The Good and Courageous Thief

In Harper Lee’s classic novel To Kill a Mockingbird, she wrote the following discourse for Atticus Finch, her attorney-hero character: “I wanted you to see what real courage is, instead of getting the idea that courage is a man with a gun in his hand. It’s when you know you’re licked before you begin, but you begin anyway and see it through no matter what.”

This past Sunday, I read a newspaper article about that same quality of courage shown by a man of peace who served and died in our military. He was deployed into a region of combat but he carried no weapon. His story is inspirational to say the least because he not only possessed significant physical courage, but also enormous moral courage.

Emil Kapaun was born on April 16, 1916 to a poor, but faith-filled farm family on the prairies of eastern Kansas.  Life was hard and even the children had to learn to be resourceful as mechanics and carpenters and to care for the animals during bitter winters and brutally hot summers.  With a strong desire to become a priest, he attended Benedictine Conception Abbey and there he completed both high school and college undergraduate studies, then he continued his spiritual education and training at Kenrick Seminary in St. Louis. He was ordained a priest in 1940.

When the United States entered World War II, he asked to become a military chaplain.  His bishop initially refused, but later relented.  Fr. Kapaun enlisted in 1944 in the Army, served for two years in Burma and India, then returned to civilian life.  Two years later, he reenlisted and was assigned to the 1st Cavalry Division in Japan.

In June 1950, the North Korean army crossed the 38th parallel, and advanced quickly toward Seoul, South Korea.  The U.S. intervened militarily, with the 1st Cavalry Division executing an amphibious landing to block the advancing army.  The enemy onslaught was severe and the U.S. units soon were in retreat.  Fighting was intense.  Fr. Kapaun, with his soldier-parishioners in danger, was tireless.  He moved among the GIs, ignoring enemy fire, comforting the wounded, administering the last rites, burying the dead, and offering Mass whenever and wherever he could.  On one occasion, he went in front of the U.S. lines, in spite of intense fire, to rescue a wounded soldier.

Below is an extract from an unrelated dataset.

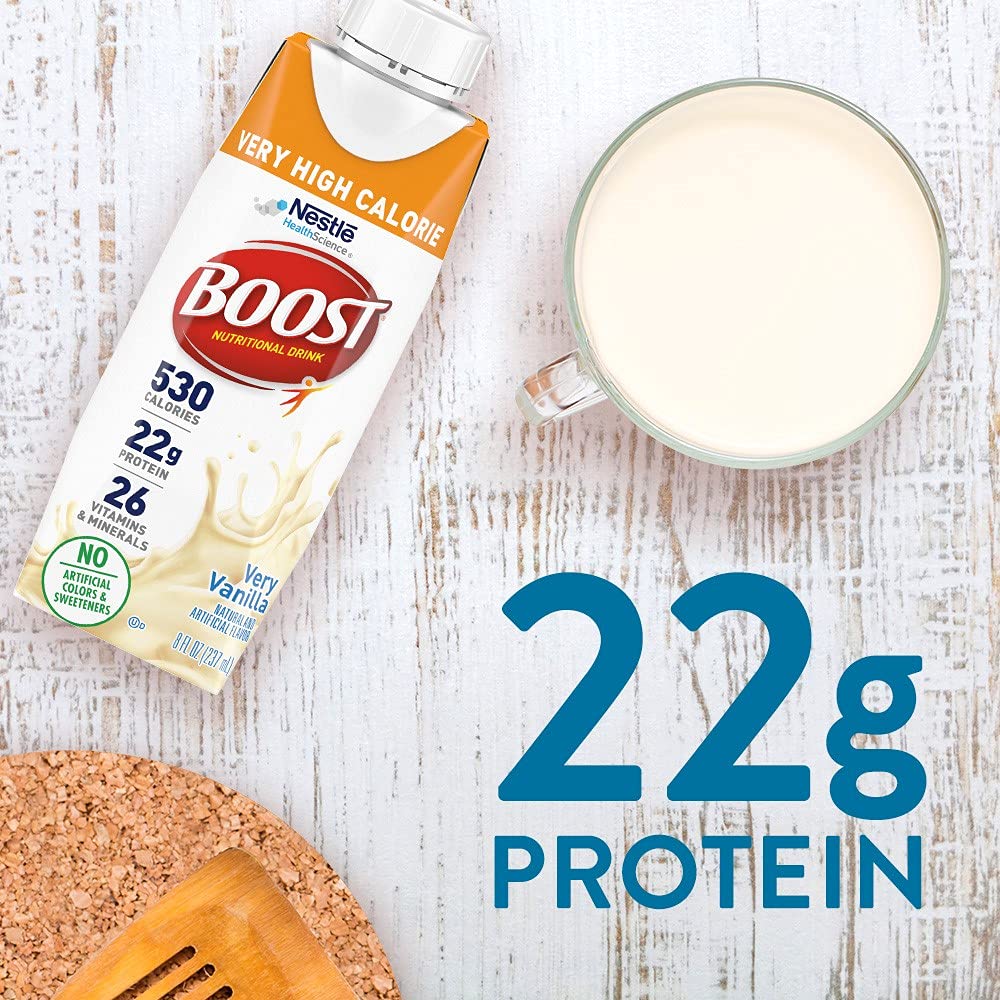 Buy BOOST Very High Calorie Nutritional Drink, Very Vanilla, 8 Fl Oz (Pack of 24) Online at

By August, the U.S. troops had been pushed to the southern end of Korea, near the port of Pusan.  Then, on September 15, 1950, the war took a radical turn when U.S. troops landed at Inchon behind the invading army.  The North Korean forces fled northward, with the Americans in pursuit.  Within a few weeks, the 1st Cavalry Division had crossed the 38th parallel.  Unknown to them, China, which had secretly moved a huge army into North Korea, was about to enter the war.

The night of November 1st was quiet.  Fr. Kapaun’s battalion, having suffered some 400 casualties among its roster of 700 soldiers, was placed in a reserve position.  Chinese troops, however, had infiltrated to within a short distance of them.  Suddenly, just before midnight, there was a cacophony of bugles, horns and whistles, as the enemy attacked from all sides.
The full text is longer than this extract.